Research output: Contribution to journalArticlepeer-review

281 Scopus citations


In an experiment that directly manipulated grassland plant species richness and composition, decreased plant species richness ("diversity") increased pathogen load (the percentage of leaf area infected by species-specific foliar pathogens across the plant community) in 1998. Pathogen load was almost three times greater in the average monoculture than in the average plot planted with 24 grassland plant species, an approximately natural diversity.

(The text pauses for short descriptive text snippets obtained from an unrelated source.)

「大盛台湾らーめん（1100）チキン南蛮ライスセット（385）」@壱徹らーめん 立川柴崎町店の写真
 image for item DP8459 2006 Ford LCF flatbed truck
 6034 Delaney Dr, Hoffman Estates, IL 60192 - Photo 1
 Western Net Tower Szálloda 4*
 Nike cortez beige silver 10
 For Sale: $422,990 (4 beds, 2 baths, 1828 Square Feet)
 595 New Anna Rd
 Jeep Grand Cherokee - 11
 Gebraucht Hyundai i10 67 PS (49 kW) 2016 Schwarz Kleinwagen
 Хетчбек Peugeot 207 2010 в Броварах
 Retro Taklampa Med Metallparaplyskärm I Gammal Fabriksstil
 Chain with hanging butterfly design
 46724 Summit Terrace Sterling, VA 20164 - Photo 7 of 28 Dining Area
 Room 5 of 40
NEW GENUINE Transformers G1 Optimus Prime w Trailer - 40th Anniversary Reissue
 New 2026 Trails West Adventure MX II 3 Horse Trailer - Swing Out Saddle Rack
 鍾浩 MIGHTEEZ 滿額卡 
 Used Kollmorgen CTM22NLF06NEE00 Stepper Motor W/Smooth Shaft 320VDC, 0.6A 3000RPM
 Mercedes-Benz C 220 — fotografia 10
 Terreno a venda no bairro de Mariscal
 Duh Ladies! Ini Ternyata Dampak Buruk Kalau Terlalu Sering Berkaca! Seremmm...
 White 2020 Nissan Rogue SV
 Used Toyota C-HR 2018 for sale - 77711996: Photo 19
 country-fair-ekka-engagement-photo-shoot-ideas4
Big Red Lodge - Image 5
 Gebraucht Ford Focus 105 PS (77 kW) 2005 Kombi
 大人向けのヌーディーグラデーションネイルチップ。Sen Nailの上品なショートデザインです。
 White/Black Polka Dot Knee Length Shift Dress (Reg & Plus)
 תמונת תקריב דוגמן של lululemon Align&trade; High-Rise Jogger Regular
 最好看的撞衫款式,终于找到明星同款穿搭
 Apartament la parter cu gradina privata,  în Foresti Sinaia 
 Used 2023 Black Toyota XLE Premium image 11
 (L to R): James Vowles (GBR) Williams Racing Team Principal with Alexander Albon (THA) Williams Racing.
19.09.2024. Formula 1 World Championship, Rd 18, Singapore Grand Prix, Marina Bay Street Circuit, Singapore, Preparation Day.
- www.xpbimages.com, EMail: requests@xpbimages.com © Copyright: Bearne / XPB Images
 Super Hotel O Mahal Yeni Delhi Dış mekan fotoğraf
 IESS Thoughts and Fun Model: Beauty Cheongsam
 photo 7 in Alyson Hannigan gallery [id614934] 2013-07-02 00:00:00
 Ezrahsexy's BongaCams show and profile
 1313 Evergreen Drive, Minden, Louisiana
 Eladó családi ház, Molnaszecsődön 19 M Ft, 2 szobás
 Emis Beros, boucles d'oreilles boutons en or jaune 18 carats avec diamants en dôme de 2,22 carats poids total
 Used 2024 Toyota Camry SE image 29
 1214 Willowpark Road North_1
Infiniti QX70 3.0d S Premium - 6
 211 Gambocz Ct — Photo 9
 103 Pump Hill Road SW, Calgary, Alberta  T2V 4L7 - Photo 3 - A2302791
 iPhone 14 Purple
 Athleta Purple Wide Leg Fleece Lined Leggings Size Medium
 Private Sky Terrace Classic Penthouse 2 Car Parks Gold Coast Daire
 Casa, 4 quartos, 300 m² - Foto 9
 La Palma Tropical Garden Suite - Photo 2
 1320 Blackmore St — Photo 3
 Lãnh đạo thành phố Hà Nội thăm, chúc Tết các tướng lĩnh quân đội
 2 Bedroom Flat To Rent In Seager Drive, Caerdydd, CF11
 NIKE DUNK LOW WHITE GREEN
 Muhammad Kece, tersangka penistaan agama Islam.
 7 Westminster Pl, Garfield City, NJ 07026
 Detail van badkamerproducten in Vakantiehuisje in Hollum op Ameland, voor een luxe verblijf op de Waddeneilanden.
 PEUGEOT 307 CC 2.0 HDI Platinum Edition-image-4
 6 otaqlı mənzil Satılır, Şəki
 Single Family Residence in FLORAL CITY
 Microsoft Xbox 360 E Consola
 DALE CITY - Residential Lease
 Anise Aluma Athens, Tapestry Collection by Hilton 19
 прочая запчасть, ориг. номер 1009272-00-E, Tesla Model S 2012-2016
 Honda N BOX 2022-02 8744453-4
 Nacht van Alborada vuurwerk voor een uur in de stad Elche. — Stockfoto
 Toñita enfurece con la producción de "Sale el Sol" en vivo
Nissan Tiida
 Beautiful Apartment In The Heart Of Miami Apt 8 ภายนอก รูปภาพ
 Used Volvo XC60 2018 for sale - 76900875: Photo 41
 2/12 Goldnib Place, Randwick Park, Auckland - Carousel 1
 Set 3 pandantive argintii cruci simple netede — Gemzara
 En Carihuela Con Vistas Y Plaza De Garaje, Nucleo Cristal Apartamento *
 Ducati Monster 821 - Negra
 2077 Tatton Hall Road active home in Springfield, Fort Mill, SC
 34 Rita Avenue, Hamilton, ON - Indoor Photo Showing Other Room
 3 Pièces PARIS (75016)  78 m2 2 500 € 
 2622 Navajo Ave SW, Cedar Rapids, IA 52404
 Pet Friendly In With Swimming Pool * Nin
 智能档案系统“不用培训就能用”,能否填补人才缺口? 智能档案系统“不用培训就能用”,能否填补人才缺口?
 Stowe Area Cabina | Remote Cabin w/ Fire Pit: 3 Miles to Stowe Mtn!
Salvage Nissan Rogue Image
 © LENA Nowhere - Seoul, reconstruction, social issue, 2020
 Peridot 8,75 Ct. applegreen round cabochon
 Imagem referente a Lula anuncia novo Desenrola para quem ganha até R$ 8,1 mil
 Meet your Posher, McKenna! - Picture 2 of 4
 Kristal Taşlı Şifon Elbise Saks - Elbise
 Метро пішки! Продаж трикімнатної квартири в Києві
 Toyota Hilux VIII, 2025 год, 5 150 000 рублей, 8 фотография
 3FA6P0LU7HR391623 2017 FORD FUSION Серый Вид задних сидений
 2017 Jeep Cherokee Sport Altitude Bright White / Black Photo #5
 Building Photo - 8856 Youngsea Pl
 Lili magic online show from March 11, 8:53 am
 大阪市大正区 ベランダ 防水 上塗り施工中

Eleven individual diseases increased in severity (percentage of leaf area infected by a single disease) at lower plant species richness, and severity of only one disease was positively correlated with diversity. For 10 of the 11 diseases whose severity was negatively related to diversity, disease severity was positively correlated with host abundance, and in six of these cases, species diversity had no effect on disease severity after controlling for the effects of host abundance. These results suggest that increased abundances of individual host species at lower species diversity increased disease transmission and severity. In 1996 and 1997, similar results for a smaller number of diseases sampled were found in this experiment and another similar one. Although the effect of diversity on disease was highly significant, considerable variance in pathogen load remained among. plots of a given diversity level. Much of this residual variance was explained by community characteristics that were a function of the species composition of the communities (the identity of species present vs. those lost). Specifically, communities that lost less disease-prone species had higher pathogen loads; this effect explained more variance in pathogen load than did diversity. Also, communities that lost the species dominant at high diversity had higher pathogen loads, presumably because relaxed competition allowed greater increases in host abundances, but this effect was weak. Among plant species, disease proneness appeared to be determined more by regional than local processes, because it was better correlated with frequency of the plant species' populations across the region than with local abundance or frequency across the state. In total, our results support the hypothesis that decreased species diversity will increase foliar pathogen load if this increases host abundance and, therefore, disease transmission. Additionally, changes in community characteristics determined by species composition will strongly influence pathogen load.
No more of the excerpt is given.